In the wake of this apology, two students from the class e-mailed him to insist that he had nothing for which to apologize. Other students, responding to our e-mails, said they saw nothing offensive in his comments, one saying “I personally didn’t consider the comments offensive. I could possibly see that some might be offended at the example he chose, but the point he was trying to convey is what I was focusing on.” And another: “From my perspective, when Greg was called upon, he was explaining that it is not as though the police officers are the bad guys, but that they are only doing their jobs.”
Thus looking at police/community relations from a “minority” point of view is perfectly alright, but looking at it from a cop’s point of view is not. And saying that minorities often show hostility toward the cops is also out of bounds. As another student in the class put it:
Everything that Greg said could be considered an observation. He mentioned something about how he had tended to see more African Americans and other minorities with a distaste for police officers. This directly correlated to what Husak, the author we are reading, mentioned in his article in terms of the cycle of overcriminalization. For some reason when Husak said it, this statement was not offensive, but when Greg said it the class overreacted a lot.

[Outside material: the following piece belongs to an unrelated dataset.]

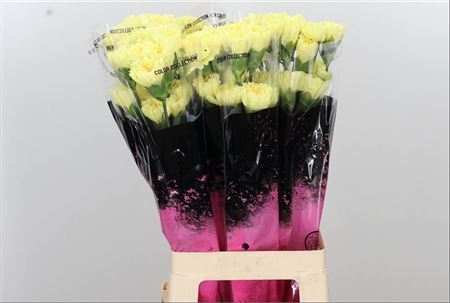 FeedSync:wholesale:9802f20d2f424a35c96430277f2dfea75fc9fd03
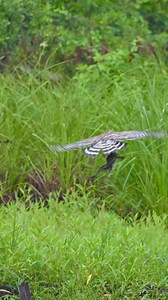 1.9M views · 10K reactions | Ever seen a flying frog  Red-shouldered Hawk with a big catch | Srikanth Boga Photography | Facebook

While Snow’s response was not appropriate, it is obvious that a small handful of liberal students has, in this class at least, been able to stifle discussion. Any politically incorrect comments are met with moans, tapping of pencils and ostentatious disrespect. It is not clear to us that liberal students are in the majority, but there are enough to chill viewpoints they don’t like.
Karge told us that, when the notion of “driving while black” came up in class, “I thought about going against that, but dropped the idea, knowing where it would go.” And further he has “talked to students who have said they don’t raise issues that are controversial, because they know they will be shouted down.”
Another student said the class has a “very liberal air,” and that “anybody who feels otherwise is jumped on immediately.”
Students, for example, are required to read a “fact sheet” from the liberal Death Penalty Information Center which is rife with inaccuracies and slanted data -- for example, the claim that over 120 people have gotten off death row because of evidence of their innocence. In reality, only a minority of people on the list have gotten off because of actual evidence of innocence, as opposed to procedural issues. A clear majority actually committed the murders for which they were sentenced.
Professor Snow failed to respond to two e-mails and one voice mail asking for an interview.
It is important not to overstate this issue, since a fair number of students simply don’t want to get into any controversy, and don’t say things that other students or the professor might disagree with. This is doubtless true of our own classes, and of pretty much any class that debates controversial issues.
But the professor does play a key role. He or she can send the message that differing viewpoints are acceptable – even if they meet with vigorous disagreement – or, on the other hand, that “offensive” views (meaning conservative views) are to be avoided.
Too many professors – especially in the humanities and in education – do the latter. Pressuring a student to apologize for perfectly reasonable comments sends a strong message of politically correct intolerance.